One of the reasons that I find Christianity so compelling is the embracing of what might be termed "contradictions". I suppose, rather, that they are more accurately termed "paradoxes". These aren't genuine contradictions. They just appear to be.

Take, for instance, 1 Tim 1:5 -- "The goal of our instruction is love from a pure heart and a good conscience and a sincere faith" -- compared with 2 Tim 4:2 -- "Preach the word; be ready in season and out of season; reprove, rebuke, exhort, with great patience and instruction." Now, wait. If the goal is love then how do we "reprove, rebuke, exhort"? Aren't those contradictory? No, they're not. Paul told Titus in the space of a couple of sentences, "Avoid foolish controversies and genealogies and strife and disputes about the Law, for they are unprofitable and worthless. Reject a factious man after a first and second warning" (Titus 3:9-10). So, are we supposed to reject people or avoid controversies? Yes ... the answer is yes.

Take the characteristics of God such as justice and mercy. Justice is getting what you deserve and mercy is not getting what you deserve and God operates on both. Contradictory? It might seem so, but the Bible and Christianity embrace both without contradiction.

We believe without fail that we are saved by faith apart from works (Rom 3:28) and we must work out our salvation (Phil 2:12). We declare that God works all things after the counsel of His will (predestination) and free will, that God determines in advance what will happen and that Man makes choices and is culpable for those choices (Luke 22:22). We declare openly that God is one and God is triune. And we claim, without hesitation, that none of these actually contradict each other.

You see, if Christianity were a man-made religion, this kind of thing wouldn't work at all. It wouldn't have built on paradox.
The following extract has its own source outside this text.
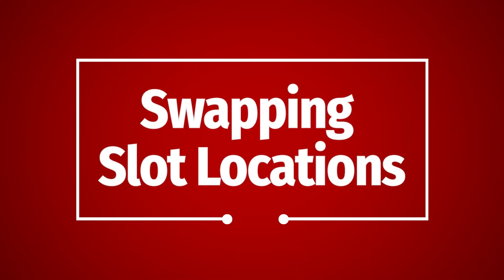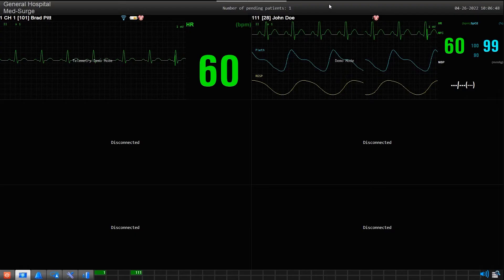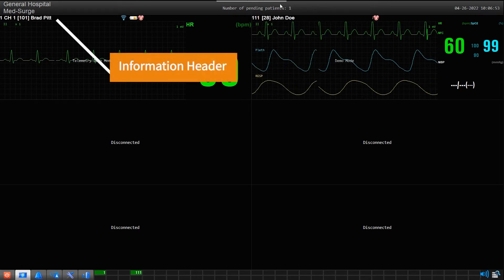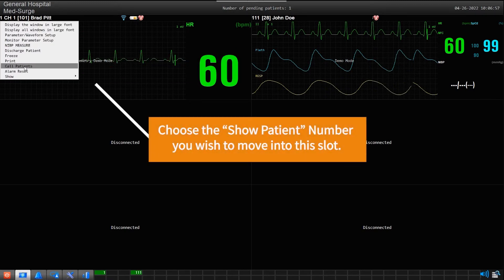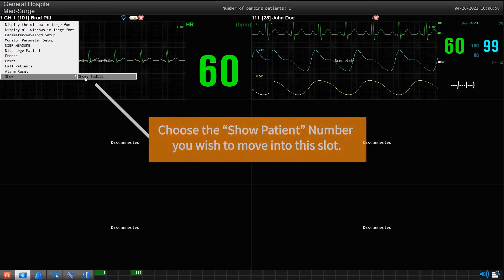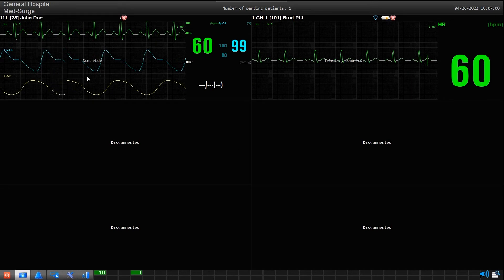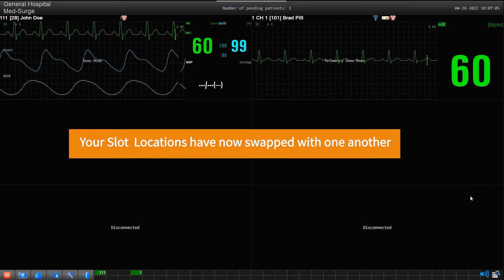Swapping Slot Locations: You can swap already active patient positions very easily on the MFM CMS central station. First click in the information header of the slot you wish to move the patient into, then just choose the show bed number from the slot you wish to swap with. You will see your selected bed swap into this new location.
It wouldn't be so clear and yet so mysterious. It wouldn't be so easy to get and so hard to understand. You would either grasp it at once or never grasp it at all rather than the way it is so easily gotten hold of and then so long absorbed, always with new insights around every corner. It would be more ... well ... human. As it is, it is divine, as a true religion should be.


Marshall Art said...

So regarding free will, you agree with me but you don't. Hmmm. Another paradox.

Seriously, your statements here regarding the issue reflect for once where I've been at the whole time. Sort of. Mostly. Perhaps. Not really sure.

Stan said...

For purposes of clarity, I've never denied "free will". What I have always denied is Free Will, that sovereignty of Man that seems to be such a common belief, the idea that 1) humans are capable of acting without any influence or 2) that God ties His hands where Man's Will is concerned.

Marshall Art said...

Sounds like hair splitting. But at the same time, I'VE never suggested that God has no influence in the Free Will He gives us, and I'm not sure the more "organized" (for lack of a better word) anti-Calvinists (for an equal lack) are suggesting that, either. Frankly, I don't see how such a thing could even be possible.

Stan said...

It's not hair splitting. One side says that God surrenders His Sovereignty to Man's Free Will. The other says that God allows humans choices, but retains His ultimate Sovereignty. One side says "The fact that God is Good, doesn't mean that He has a specific, spelled out plan for every individual other than to let that person live his life as he desires" and the other side says "God has a plan for each individual that includes their choices but is, ultimately, in line with His plan." One side says that Man is the final arbiter of his own salvation -- each individual is the one who determines by his own free will whether or not he will be saved -- and the other sides says that God is Sovereign in salvation and will certainly save all He intends to. One side says that God does not interfere in human Free Will and the other says that God sometimes allows humans to make choices ... and sometimes does not. No, not hair splitting.